• DESCRIPTION OF THE TASK
Repeat exactly the lines of the entries below from the one with "-北京烤鸭店(新桥家园·浦口店)" through the one with "Кормушка Feeder Sport Флет F2 вес 30гр", both ends included, and nothing else.

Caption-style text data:
++++

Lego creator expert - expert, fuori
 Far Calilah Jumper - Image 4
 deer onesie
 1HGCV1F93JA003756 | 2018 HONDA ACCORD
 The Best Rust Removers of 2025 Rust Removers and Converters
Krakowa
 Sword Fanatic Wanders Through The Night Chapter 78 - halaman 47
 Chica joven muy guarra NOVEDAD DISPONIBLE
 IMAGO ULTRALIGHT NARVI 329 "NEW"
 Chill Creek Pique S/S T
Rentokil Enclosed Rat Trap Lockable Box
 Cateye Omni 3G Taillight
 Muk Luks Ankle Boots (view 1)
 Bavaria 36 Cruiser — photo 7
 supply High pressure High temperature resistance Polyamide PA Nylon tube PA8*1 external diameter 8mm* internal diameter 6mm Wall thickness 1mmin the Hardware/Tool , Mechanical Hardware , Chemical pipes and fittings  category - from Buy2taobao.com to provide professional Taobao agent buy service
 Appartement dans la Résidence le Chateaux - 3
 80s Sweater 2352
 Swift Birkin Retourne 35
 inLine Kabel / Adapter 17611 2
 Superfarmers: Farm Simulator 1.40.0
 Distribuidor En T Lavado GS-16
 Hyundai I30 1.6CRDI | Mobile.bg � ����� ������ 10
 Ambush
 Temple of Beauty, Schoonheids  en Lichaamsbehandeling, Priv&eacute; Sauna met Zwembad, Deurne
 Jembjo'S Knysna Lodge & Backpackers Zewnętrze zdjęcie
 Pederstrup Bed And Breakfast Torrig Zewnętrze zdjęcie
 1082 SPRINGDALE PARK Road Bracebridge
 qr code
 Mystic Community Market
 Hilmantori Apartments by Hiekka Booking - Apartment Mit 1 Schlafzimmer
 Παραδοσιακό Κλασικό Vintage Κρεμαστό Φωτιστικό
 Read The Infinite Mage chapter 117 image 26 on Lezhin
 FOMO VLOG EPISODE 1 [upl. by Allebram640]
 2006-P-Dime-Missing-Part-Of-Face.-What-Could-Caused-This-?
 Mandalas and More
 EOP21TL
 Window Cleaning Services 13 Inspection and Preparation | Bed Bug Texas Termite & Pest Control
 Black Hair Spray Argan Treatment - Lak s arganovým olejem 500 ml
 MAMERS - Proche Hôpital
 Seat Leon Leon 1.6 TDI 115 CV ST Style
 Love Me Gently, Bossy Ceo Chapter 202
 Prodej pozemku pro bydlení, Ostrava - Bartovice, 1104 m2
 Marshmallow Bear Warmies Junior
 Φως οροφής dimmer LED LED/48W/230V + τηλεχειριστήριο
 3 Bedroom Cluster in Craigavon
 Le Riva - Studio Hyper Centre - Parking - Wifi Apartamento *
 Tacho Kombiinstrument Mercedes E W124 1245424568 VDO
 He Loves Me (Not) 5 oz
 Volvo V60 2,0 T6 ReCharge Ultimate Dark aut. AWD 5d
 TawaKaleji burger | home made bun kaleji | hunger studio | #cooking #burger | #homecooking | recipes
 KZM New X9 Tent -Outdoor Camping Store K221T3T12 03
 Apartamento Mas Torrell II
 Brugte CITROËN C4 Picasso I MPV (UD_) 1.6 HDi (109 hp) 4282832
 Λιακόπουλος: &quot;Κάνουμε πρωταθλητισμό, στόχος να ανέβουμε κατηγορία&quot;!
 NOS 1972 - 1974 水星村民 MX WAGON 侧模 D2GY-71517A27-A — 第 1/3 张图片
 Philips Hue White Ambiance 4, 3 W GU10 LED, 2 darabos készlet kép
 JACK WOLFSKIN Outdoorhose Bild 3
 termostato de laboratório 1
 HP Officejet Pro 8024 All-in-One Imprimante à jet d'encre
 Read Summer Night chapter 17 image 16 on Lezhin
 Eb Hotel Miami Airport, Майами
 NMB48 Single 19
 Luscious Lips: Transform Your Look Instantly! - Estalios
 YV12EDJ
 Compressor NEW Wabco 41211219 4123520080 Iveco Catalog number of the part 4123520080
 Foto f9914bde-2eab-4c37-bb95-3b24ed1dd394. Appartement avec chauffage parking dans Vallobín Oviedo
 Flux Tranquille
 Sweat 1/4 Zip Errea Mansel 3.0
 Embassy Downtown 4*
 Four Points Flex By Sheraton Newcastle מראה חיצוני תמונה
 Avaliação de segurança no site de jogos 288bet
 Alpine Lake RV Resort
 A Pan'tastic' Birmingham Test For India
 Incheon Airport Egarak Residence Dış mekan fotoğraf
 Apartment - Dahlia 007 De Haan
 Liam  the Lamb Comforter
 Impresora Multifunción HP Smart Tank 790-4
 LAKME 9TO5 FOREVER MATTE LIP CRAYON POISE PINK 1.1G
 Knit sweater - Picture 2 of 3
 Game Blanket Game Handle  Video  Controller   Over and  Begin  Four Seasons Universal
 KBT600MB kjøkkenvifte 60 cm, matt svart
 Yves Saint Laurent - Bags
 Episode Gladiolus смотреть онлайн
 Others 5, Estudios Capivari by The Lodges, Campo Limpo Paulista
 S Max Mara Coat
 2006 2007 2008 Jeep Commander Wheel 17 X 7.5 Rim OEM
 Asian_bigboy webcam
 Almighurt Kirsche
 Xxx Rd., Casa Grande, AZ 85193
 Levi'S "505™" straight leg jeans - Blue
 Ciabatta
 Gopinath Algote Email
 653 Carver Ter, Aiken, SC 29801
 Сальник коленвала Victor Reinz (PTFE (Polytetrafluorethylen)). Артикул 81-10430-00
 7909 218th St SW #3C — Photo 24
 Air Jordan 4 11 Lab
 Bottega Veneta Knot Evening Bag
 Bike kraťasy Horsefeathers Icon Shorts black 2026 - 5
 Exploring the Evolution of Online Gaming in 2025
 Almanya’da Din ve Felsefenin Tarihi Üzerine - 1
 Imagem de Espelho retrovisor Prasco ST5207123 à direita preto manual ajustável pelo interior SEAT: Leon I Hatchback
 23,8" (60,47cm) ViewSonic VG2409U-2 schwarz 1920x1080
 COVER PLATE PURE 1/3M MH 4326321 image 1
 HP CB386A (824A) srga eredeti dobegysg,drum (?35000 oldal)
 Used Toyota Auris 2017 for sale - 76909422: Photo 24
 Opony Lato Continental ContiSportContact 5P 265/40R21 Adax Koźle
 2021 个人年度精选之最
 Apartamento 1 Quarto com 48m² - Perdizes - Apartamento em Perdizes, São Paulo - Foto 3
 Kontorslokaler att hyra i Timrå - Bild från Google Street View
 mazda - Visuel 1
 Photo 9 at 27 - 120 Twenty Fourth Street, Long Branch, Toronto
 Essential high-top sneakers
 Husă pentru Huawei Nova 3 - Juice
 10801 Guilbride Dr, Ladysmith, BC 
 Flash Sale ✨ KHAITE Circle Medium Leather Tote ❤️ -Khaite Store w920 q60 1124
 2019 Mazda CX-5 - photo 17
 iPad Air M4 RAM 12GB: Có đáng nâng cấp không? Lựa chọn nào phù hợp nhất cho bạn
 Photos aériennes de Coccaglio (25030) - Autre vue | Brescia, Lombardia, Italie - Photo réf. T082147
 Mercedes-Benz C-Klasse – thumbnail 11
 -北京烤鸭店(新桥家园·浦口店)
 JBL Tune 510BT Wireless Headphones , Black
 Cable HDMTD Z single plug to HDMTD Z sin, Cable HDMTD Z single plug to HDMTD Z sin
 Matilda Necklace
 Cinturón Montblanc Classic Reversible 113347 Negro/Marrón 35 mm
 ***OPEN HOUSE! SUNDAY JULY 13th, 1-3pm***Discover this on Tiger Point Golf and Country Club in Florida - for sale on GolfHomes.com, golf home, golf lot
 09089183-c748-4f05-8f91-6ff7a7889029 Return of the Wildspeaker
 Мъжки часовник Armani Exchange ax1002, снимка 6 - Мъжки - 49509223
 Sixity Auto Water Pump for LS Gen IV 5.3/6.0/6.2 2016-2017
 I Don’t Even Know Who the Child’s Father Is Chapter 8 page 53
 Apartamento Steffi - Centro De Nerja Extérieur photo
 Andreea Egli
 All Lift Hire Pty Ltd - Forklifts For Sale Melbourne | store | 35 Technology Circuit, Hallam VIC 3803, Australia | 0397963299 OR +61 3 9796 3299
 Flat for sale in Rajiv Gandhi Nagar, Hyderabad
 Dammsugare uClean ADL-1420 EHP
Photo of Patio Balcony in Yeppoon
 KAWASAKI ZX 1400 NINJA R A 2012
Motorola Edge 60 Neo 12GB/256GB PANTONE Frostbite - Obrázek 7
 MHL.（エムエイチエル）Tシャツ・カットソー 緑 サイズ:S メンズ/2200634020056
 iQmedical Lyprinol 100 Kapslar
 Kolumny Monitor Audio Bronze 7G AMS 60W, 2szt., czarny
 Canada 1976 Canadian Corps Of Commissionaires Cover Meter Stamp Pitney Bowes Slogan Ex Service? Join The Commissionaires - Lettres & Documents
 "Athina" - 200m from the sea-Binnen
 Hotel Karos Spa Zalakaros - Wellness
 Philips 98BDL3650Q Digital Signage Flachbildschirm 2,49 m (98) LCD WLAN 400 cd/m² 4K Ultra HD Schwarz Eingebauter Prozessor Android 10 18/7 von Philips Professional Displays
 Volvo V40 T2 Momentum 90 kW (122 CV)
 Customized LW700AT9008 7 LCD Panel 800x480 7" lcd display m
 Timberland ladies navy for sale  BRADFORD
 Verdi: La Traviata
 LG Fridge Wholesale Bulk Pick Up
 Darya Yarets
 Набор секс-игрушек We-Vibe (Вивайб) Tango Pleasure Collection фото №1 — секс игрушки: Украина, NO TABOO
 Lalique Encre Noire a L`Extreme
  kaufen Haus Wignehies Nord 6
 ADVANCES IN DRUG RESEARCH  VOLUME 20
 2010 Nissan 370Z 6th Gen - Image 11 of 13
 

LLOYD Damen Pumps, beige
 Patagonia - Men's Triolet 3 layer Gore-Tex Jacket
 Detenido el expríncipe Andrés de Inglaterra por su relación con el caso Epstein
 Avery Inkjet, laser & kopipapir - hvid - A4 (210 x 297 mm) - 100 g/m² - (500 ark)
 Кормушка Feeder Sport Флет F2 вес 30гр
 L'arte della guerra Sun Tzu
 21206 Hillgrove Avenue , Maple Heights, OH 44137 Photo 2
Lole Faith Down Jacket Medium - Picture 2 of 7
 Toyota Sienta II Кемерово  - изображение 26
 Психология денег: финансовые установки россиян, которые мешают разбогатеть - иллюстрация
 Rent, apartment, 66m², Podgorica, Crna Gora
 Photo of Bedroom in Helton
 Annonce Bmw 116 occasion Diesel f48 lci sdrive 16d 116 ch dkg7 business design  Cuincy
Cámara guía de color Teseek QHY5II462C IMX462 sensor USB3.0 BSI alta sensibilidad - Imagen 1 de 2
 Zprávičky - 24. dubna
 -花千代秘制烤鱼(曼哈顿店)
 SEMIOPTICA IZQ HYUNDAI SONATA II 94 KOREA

++++

• RESPONSE AREA
 -北京烤鸭店(新桥家园·浦口店)
 JBL Tune 510BT Wireless Headphones , Black
 Cable HDMTD Z single plug to HDMTD Z sin, Cable HDMTD Z single plug to HDMTD Z sin
 Matilda Necklace
 Cinturón Montblanc Classic Reversible 113347 Negro/Marrón 35 mm
 ***OPEN HOUSE! SUNDAY JULY 13th, 1-3pm***Discover this on Tiger Point Golf and Country Club in Florida - for sale on GolfHomes.com, golf home, golf lot
 09089183-c748-4f05-8f91-6ff7a7889029 Return of the Wildspeaker
 Мъжки часовник Armani Exchange ax1002, снимка 6 - Мъжки - 49509223
 Sixity Auto Water Pump for LS Gen IV 5.3/6.0/6.2 2016-2017
 I Don’t Even Know Who the Child’s Father Is Chapter 8 page 53
 Apartamento Steffi - Centro De Nerja Extérieur photo
 Andreea Egli
 All Lift Hire Pty Ltd - Forklifts For Sale Melbourne | store | 35 Technology Circuit, Hallam VIC 3803, Australia | 0397963299 OR +61 3 9796 3299
 Flat for sale in Rajiv Gandhi Nagar, Hyderabad
 Dammsugare uClean ADL-1420 EHP
Photo of Patio Balcony in Yeppoon
 KAWASAKI ZX 1400 NINJA R A 2012
Motorola Edge 60 Neo 12GB/256GB PANTONE Frostbite - Obrázek 7
 MHL.（エムエイチエル）Tシャツ・カットソー 緑 サイズ:S メンズ/2200634020056
 iQmedical Lyprinol 100 Kapslar
 Kolumny Monitor Audio Bronze 7G AMS 60W, 2szt., czarny
 Canada 1976 Canadian Corps Of Commissionaires Cover Meter Stamp Pitney Bowes Slogan Ex Service? Join The Commissionaires - Lettres & Documents
 "Athina" - 200m from the sea-Binnen
 Hotel Karos Spa Zalakaros - Wellness
 Philips 98BDL3650Q Digital Signage Flachbildschirm 2,49 m (98) LCD WLAN 400 cd/m² 4K Ultra HD Schwarz Eingebauter Prozessor Android 10 18/7 von Philips Professional Displays
 Volvo V40 T2 Momentum 90 kW (122 CV)
 Customized LW700AT9008 7 LCD Panel 800x480 7" lcd display m
 Timberland ladies navy for sale  BRADFORD
 Verdi: La Traviata
 LG Fridge Wholesale Bulk Pick Up
 Darya Yarets
 Набор секс-игрушек We-Vibe (Вивайб) Tango Pleasure Collection фото №1 — секс игрушки: Украина, NO TABOO
 Lalique Encre Noire a L`Extreme
  kaufen Haus Wignehies Nord 6
 ADVANCES IN DRUG RESEARCH  VOLUME 20
 2010 Nissan 370Z 6th Gen - Image 11 of 13
 

LLOYD Damen Pumps, beige
 Patagonia - Men's Triolet 3 layer Gore-Tex Jacket
 Detenido el expríncipe Andrés de Inglaterra por su relación con el caso Epstein
 Avery Inkjet, laser & kopipapir - hvid - A4 (210 x 297 mm) - 100 g/m² - (500 ark)
 Кормушка Feeder Sport Флет F2 вес 30гр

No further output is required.